I'm thinking about getting a Male Musk Turtle Hatchling. To go with my two Russians. I have thought it all through, and I would get them after I came back from Europe. (In august) I was looking for a place to buy them. I started with pet stores, and I didn't see any pet stores around where I live (In Utah), I'm VERY picky about where my tortoises come from, and I want to get a good look at them to make sure they have had the proper care, because I am NOT giving money to ANY business that doesn't care for reptiles properly. So, I had to look online for them. I am even MORE picky about websites, because you can't look at the animal. I've seen a few, TurtleSupply.com and reptile magazines. I don't like ANY of those. Turtlesupply did not give enough information, and it was 'dodgey' and they kept saying 'with minor shell imperfections' so I was like NOPE. I tried reptile magazines. But they said they 'couldn't guarantee the sex.' And with turtles, females get twice as big as males, and right now I am very space tight. Also, I read stories about how they make up fake people to give them good reviews, and how they got a reptile and it died in a weak. (I COULD be wrong with everything I am saying. If you got a turtle in good shape from any of these sights please tell me). So, again I said no to that. If anybody has ordered a turtle and it came in good shape, and you trust that website please tell me. I MIGHT buy a Musk turtle from one of you guys on the forum. For I feel that everybody here is at least a responsible caretaker. But I would like pictures of them, along with a full background them. (How old they are, what there cage is like, behavior, etc..) A full bio of them is needed. I'm no expert with turtles, I ordered a book about them. If any of you have interesting information about them feel free to tell me. Thanks!


----------



## Grandpa Turtle 144 (May 6, 2016)




----------



## wellington (May 6, 2016)

Search the Internet for (the turtle room.) I can't for the life of me remember the names.


----------



## KatyshaB (May 6, 2016)

wellington said:


> Search the Internet for (the turtle room.) I can't for the life of me remember the names.
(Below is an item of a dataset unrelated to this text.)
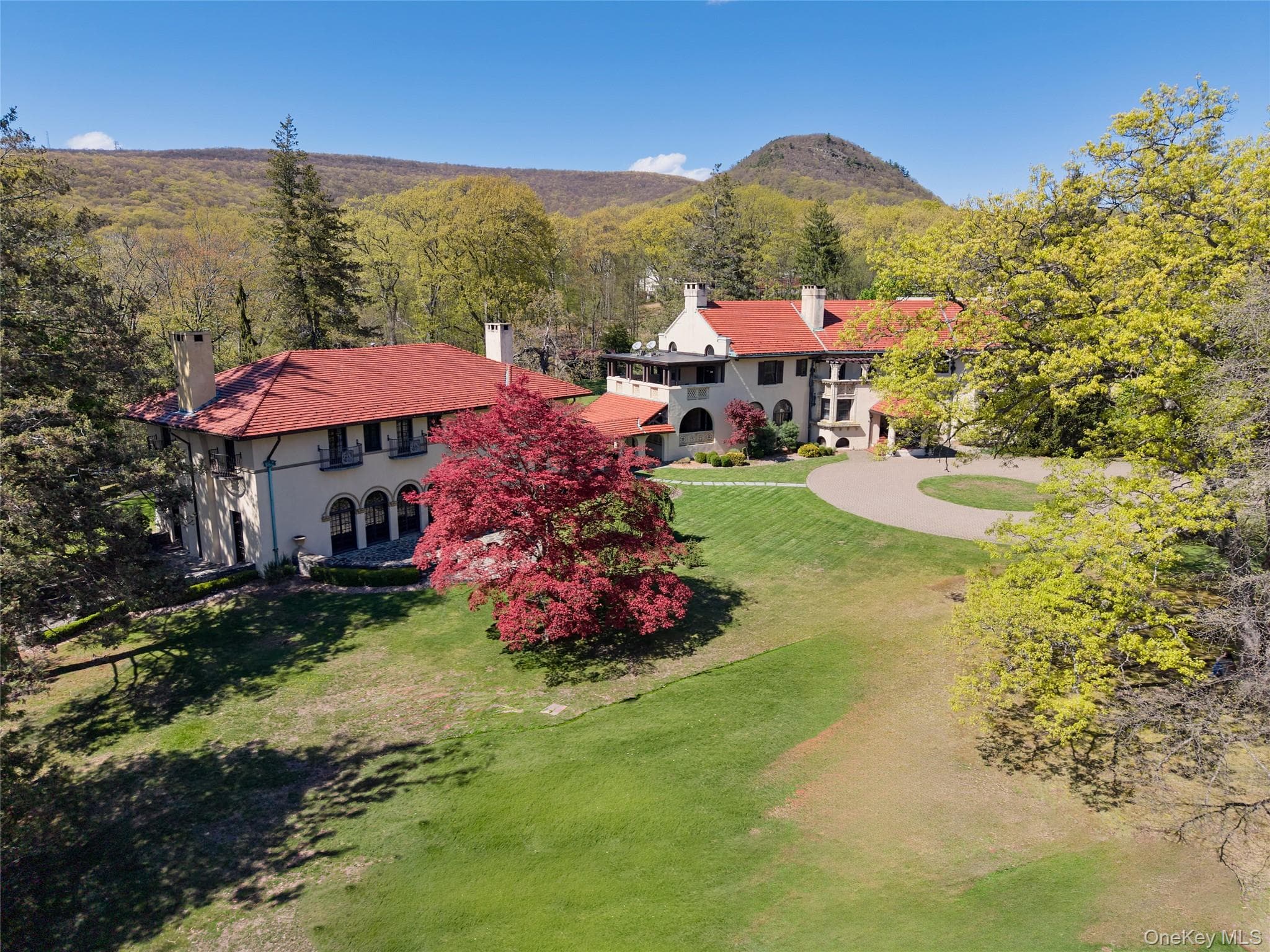 14 Castleton Drive thumbnail 2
I looked at it, it doesn't sell turtles itself, but it does seem like a good website. Thank you, I may use this for supplies, as for actually buying the turtle, I don't know where to go.


----------



## wellington (May 6, 2016)

Sorry, I didn't realize they didn't sell.


----------



## KatyshaB (May 6, 2016)

wellington said:


> Sorry, I didn't realize they didn't sell.


It's fine, know any sights that do sell them.


----------



## Pearly (May 6, 2016)

I have no knowledge in turtle area but perhaps @Anthony P knows good place? Or @mark 1? Or , or is it @mark1 without the space? Or @Markw84


----------



## KatyshaB (May 7, 2016)

Pearly said:


> I have no knowledge in turtle area but perhaps @Anthony P knows good place? Or @mark 1? Or , or is it @mark1 without the space? Or @Markw84


Thank's I'll message them.


----------



## Markw84 (May 7, 2016)

KatyshaB said:


> I'm thinking about getting a Male Musk Turtle Hatchling. To go with my two Russians.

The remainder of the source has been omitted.